The Symmetric and Antisymmetric Eigenvalue Problem for Electromagnetic Equilateral Triangular Waveguides via Plane Wave Reconstruction ^†

A plane wave reconstruction technique is presented for the solution of Helmholtz’s equation governing wave propagation in equilateral triangular electromagnetic waveguides in order to aid in the classification of symmetric and antisymmetric modes as well as to resolve the problem of excitation of triangular patch antennas. The case of transverse magnetic (TM) modes of a patch antenna with magnetic wall boundary conditions is discussed as representative of problems with Neumann boundary conditions.
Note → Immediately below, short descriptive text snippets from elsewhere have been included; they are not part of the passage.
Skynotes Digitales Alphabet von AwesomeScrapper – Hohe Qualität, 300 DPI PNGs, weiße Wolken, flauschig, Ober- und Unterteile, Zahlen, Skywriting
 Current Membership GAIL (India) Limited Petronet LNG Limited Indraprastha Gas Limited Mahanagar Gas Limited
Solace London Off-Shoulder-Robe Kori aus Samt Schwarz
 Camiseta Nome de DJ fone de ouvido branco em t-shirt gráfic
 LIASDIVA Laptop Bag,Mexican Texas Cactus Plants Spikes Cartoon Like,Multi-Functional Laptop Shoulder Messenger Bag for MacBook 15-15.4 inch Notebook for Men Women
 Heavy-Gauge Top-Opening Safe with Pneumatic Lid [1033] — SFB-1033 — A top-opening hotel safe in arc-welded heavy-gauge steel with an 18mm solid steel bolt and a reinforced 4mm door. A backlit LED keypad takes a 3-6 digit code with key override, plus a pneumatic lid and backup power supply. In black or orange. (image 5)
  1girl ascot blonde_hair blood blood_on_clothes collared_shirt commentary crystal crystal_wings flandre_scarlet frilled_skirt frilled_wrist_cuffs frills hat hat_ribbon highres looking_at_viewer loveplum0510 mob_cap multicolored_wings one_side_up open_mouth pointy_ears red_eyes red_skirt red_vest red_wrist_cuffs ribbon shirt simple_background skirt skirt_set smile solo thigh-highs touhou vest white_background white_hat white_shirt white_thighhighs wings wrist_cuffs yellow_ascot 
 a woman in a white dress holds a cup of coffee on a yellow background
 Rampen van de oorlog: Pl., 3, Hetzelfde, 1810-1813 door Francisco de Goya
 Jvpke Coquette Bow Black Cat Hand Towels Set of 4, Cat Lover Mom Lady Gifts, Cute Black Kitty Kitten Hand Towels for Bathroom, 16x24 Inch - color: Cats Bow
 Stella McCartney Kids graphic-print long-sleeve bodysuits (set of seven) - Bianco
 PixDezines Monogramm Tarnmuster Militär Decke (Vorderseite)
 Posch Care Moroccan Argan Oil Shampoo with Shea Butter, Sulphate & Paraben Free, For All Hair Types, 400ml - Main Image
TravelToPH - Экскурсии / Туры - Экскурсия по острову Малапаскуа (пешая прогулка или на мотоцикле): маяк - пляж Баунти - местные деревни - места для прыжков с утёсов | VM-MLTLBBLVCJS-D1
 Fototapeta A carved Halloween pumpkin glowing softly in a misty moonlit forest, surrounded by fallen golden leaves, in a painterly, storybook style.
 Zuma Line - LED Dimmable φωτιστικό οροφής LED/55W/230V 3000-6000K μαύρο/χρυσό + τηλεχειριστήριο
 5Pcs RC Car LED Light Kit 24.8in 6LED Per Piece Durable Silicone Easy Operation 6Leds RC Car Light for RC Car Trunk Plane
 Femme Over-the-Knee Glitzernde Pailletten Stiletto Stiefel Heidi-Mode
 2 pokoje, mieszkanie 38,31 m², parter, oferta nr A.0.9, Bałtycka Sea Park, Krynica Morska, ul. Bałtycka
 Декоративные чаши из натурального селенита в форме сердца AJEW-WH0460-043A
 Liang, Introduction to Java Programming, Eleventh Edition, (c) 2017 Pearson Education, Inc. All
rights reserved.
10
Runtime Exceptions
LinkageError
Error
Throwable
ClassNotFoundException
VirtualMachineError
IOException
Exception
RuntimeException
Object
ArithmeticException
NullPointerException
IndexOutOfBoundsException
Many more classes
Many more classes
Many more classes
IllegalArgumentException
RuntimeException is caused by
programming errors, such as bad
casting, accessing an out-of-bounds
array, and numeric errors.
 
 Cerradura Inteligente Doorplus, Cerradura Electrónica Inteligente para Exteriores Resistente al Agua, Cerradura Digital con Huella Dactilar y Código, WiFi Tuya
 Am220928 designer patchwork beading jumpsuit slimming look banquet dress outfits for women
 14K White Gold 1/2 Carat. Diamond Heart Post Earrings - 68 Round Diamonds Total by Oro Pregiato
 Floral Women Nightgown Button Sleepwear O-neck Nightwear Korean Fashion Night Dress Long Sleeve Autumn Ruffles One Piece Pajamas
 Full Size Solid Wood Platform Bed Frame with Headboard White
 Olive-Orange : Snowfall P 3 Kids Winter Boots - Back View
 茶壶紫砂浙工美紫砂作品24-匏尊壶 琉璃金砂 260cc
The technique sheds light on how these antennas may be excited and is applicable to problems with Dirichlet boundary conditions as well as to other triangular shapes including the right isosceles triangle, the 30°–90°–60°, the 30°–120°–30°, and the 15°–90°–75° triangles. The solutions are classified into two major categories: triaxially symmetric with eigenvalues that are harmonic multiples of 4 mπ/(√3a), and solutions that are symmetric or antisymmetric with respect to only one median of the equilateral triangle. The triaxially symmetric solution is a result of sources at the centroid sending out waves perpendicular to the sides of the triangle in a Y configuration, while the latter are a result of two sets of waves traveling in opposite directions (clockwise and anticlockwise) parallel to the sides of the triangle in a Δ configuration. The solutions symmetric/antisymmetric with respect to only one median divide into two groups: one group with eigenvalues that are harmonic multiples of 4 mπ/(3a) and another group whose eigenvalues are not harmonic multiples of one another (solutions become triaxially symmetric/antisymmetric if m is a multiple of 3). These cases will be discussed in light of Lamé’s solution [1,2,3] as detailed by McCartin in a series of papers [4,5].